Wojciech Szczęsny wraca do "afery premiowej". Tyle miał dostać
Teraz do sprawy wrócił też Wojciech Szczęsny, który był gościem podcastu "WojewódzkiKędzierski". Podczas rozmowy przyznał, że jego zdaniem premia dla reprezentacji za awans nie była najlepszym pomysłem. Zapewnia natomiast, że chodziło głównie o tych, którzy nie zarabiają tak dużych pieniędzy, jak on czy Lewandowski.
Złem jest i złym pomysłem było to, żeby premier dał premię reprezentacji za awans. Złem jest, że w ogóle pewnie weszliśmy w tę rozmowę, ale też bądź kozakiem i powiedz przy stole: "Panie premierze, odejdź pan" - mówi wprost. I ja ci powiem też szczerze, że rola moja, rola Roberta, rola Kamila Glika, zawodników, którzy na piłce zarobili bardzo duże pieniądze, jest to, żeby dbać o tych, którzy tych pieniędzy jeszcze nie zarobili. A uwierz mi, są tacy w reprezentacji Polski.

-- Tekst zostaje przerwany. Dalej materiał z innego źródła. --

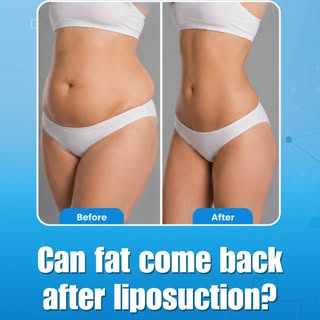 Can Fat Come Back After Liposuction?

One of the most common questions about liposuction is whether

Dalsza część artykułu pod materiałem wideo
Jednocześnie Szczęsny zapewnia, że jemu te pieniądze i tak nie robiły różnicy, ale czuł się odpowiedzialny za sytuację młodszych kolegów. Ujawnił też, ile wynosiła najmniejsza kwota, która przypadała na piłkarza w wyniku podziału owych pieniędzy.
Podzielenie tej premii dla mnie, dla Roberta i dla paru innych nie robiło żadnej różnicy w naszym życiu. To było o jeden samochód więcej. A dla niektórych to były dwuletnie, trzyletnie zarobki. I jakkolwiek by to nie było złe, a było złe, ja się czuję odpowiedzialny za tego młodego, któremu te pieniądze troszkę zmieniają życie - twierdzi. Według tego podziału więcej mieli dostać ci, którzy grali. Podzieliliśmy dokładnie tak samo tę premię, jak każdą premię, którą dostajemy za sukcesy. Najmniej wychodziło komuś tuż poniżej miliona złotych, jakieś 900 tysięcy. My mamy swój system nagradzania zawodników, który nam się od lat sprawdza i nikt nigdy nie narzekał. Jest premia i według tego algorytmu się ją dzieli. Potem, jeśli trzeba komuś zaokrąglić "do góry", żeby ładnie wyglądało, to troszkę zaokrąglaliśmy.
A ile miał dostać sam Szczęsny? Tu padła nawet konkretna kwota.
Dwa i pół miliona. Dwa dwieście, dwa z czymś - przyznał. Dla mnie zrezygnowanie z tej premii (...) to jest takie "a". Ale dla mnie powiedzenie chłopakowi 20-letniemu, który na przykład gra na tym turnieju, więc on mógł mieć podobną kwotę, jak ta moja, a zarabia 200-400 tysięcy rocznie, i powiedzieć mu: "Wiesz co, my z tego zrezygnujemy" - ja tego nie miałem w sobie. I szczerze do dzisiaj bym tego nie miał w sobie. To trzeba było zabić na początku, ale jak się już tego tematu na początku nie zabiło i wszyscy widzieli, ile mają dostać, to ja nie miałem jaj, żeby powiedzieć młodemu, że tego nie dostanie. Żeby była jasność - pierwszego dnia wiedzieliśmy, że z tego będzie smród.